• [TRY IT] For the records below, copy exactly the span that begins at the line containing "maxwell falcore Nebail" and stops after the line containing "Запчасти на руль WOLFIGO China At AliExpress", minus any pictures.

____________

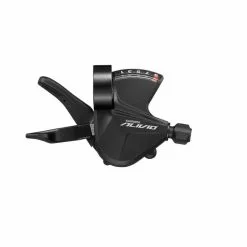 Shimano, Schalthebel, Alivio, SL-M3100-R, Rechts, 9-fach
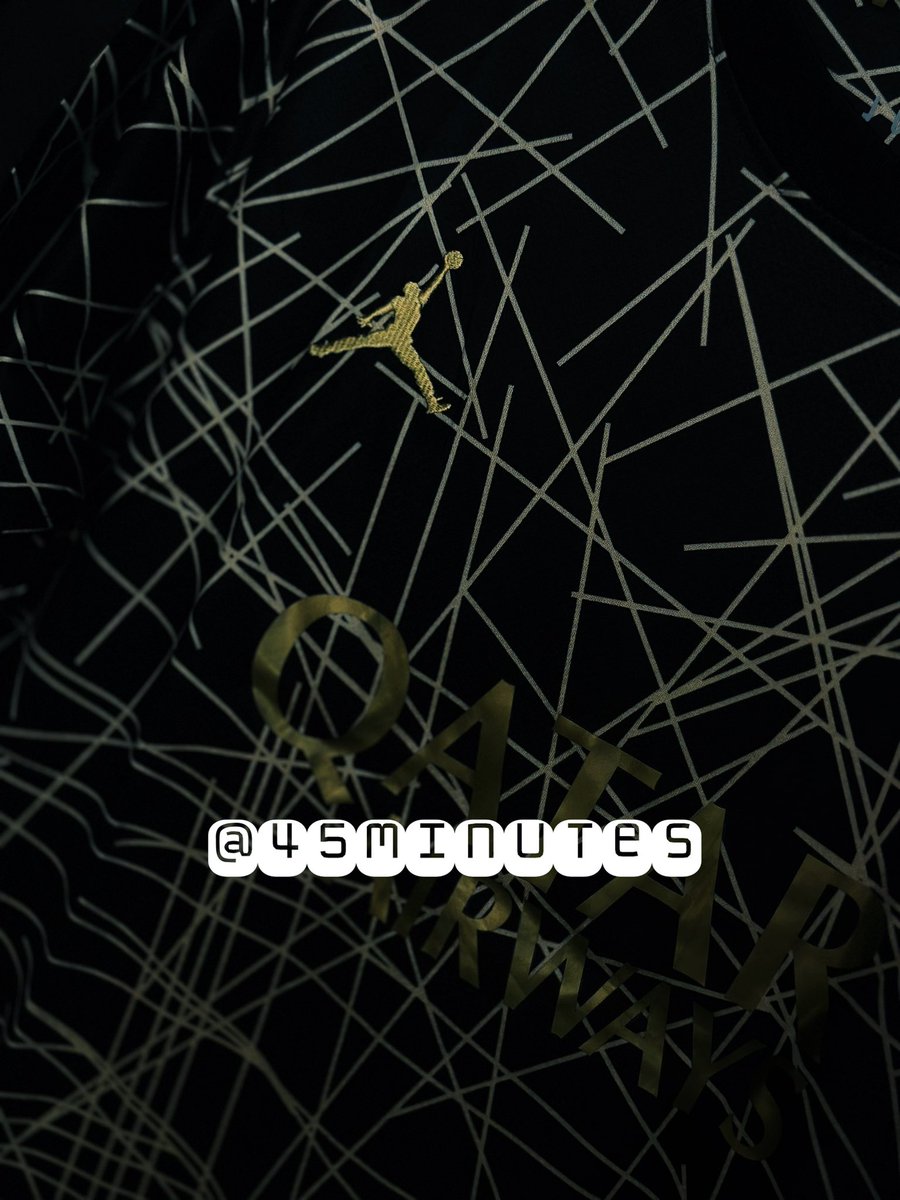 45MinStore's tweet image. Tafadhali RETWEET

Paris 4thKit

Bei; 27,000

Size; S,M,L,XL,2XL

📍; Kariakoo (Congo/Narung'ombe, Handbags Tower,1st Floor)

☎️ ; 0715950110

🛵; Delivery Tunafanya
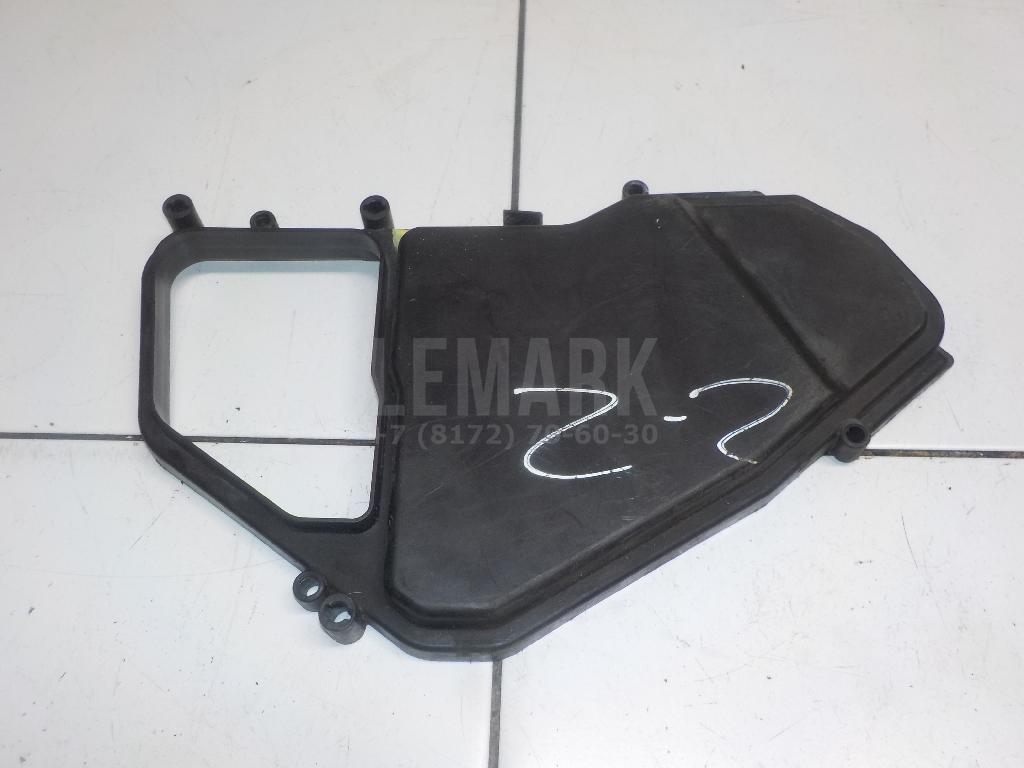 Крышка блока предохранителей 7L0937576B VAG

____________

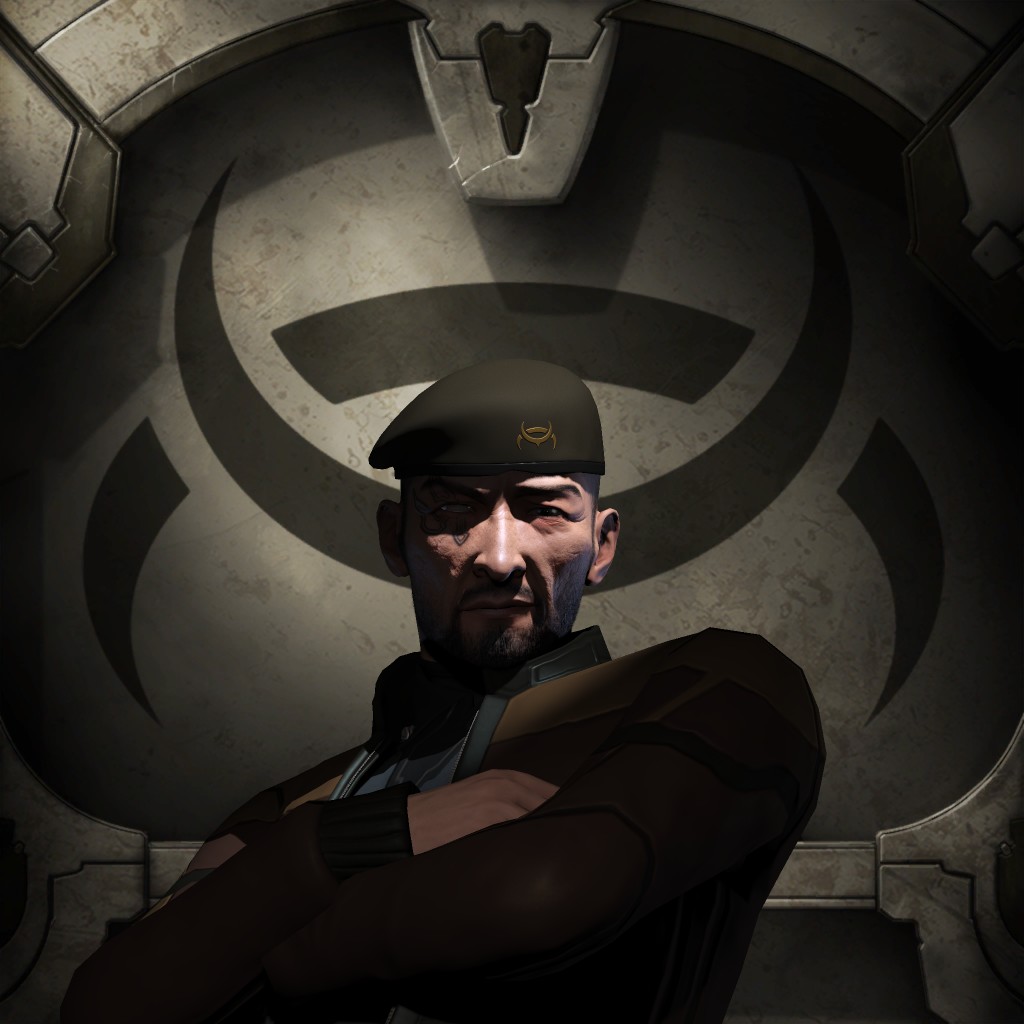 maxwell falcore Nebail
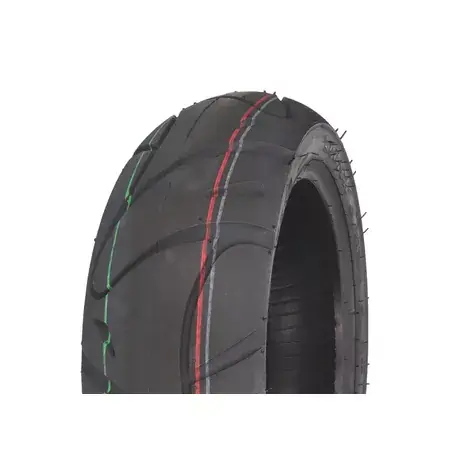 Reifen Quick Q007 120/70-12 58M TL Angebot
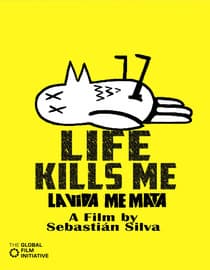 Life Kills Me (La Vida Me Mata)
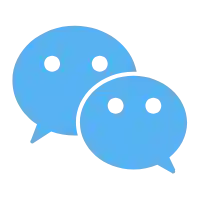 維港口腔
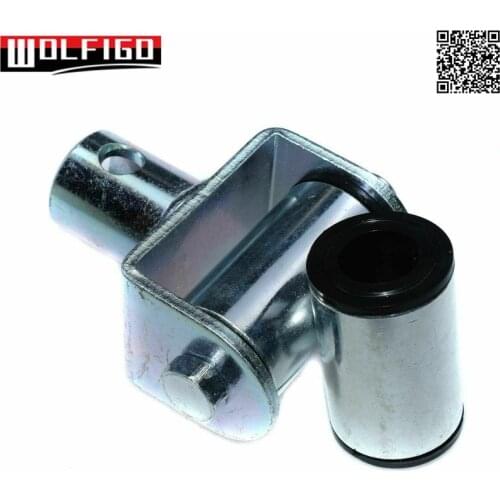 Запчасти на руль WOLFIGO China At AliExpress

____________

• [EXERCISE RESPONSE]
 maxwell falcore Nebail
 Reifen Quick Q007 120/70-12 58M TL Angebot
 Life Kills Me (La Vida Me Mata)
 維港口腔
 Запчасти на руль WOLFIGO China At AliExpress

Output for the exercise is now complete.